Moving this to my new home here, originally posted on my blog on 01/23/2010. Earlier posts telling about events leading up to this Christmas project can be found here 'Tis The Season For Me To Lose My Mind, here Make A Charity Christmas Feel Like Home, and here Almost The Big Day... Almost Ready... So Tired!
So I have wanted to tell all about my Christmas “project”, and now here it is almost the end of January. I haven’t been able to sit down and write this until now, because just after Christmas it was as if an enormous metaphysical dump truck backed itself up (beeep… beeep… beeep…) and unloaded a big, stinking pile of family crises on my doorstep. I believe most of that has passed now, though, and the dust is beginning to settle. So, “better late than never”, and here goes…
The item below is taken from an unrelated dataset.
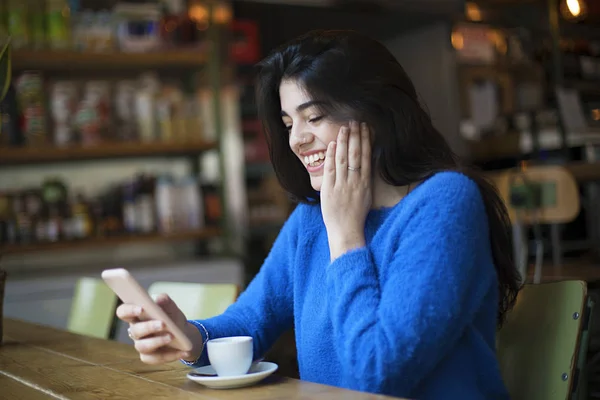 Junge Frau in Freizeitkleidung unterhält sich im Café per Video-Chat mit ihrem Smartphone — Stockfoto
I won’t waste a lot of space talking about what the “Christmas project” was all about, since I’ve talked that matter pretty much to death. So if you don’t know, you’ll have to refer to my previous blog posts. This is for those of you who have asked how it went, and I soooo want to tell you!

It was awesome. Amazing. Fantastic. Everything went smoothly and everyone had a great time. There were no problems, no conflicts, and no disasters. This came as quite a surprise to me, since that is not normal even for a regular day in my life (LOL), let alone a day when I’m clearly in over my head trying to pull something off.
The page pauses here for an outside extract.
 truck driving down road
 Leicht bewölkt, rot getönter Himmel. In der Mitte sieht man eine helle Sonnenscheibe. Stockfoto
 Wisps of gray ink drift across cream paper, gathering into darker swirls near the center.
The days leading up to Christmas, however, were anything but awesome and amazing and fantastic. Not that they weren’t rewarding, but they were exhausting. In the three days before Christmas, I managed to get a total of 7 hours and 45 minutes of sleep. But who’s counting?

It was really, really important to me that this feel like a “real” Christmas in a home, and not like some sort of charity function. Thus, I worked hard to convert the cold, sterile hall we were using into something as close to “homey” as I could get. I perused Craigslist and hounded friends and family for free stuff that could be used, and I drove all over the Phoenix area gathering up carpet scraps, decorations, furniture, paper plates, and so on. I would get my truck filled, then run to the church to unload so I could re-fill. It just so happened that I was always alone for these unloading sessions (no one’s fault, just that I always managed to fill up when everyone else was at work or something). That meant that I had the very special honor of lifting, hoisting, dragging, tugging, pulling, pushing and kicking a number of items, from small and manageable to ridiculously heavy and awkward, out of my truck and into the building all by myself. The grunting and occasional swearing involved was rather undignified, but no one needs to know about that. Ha ha.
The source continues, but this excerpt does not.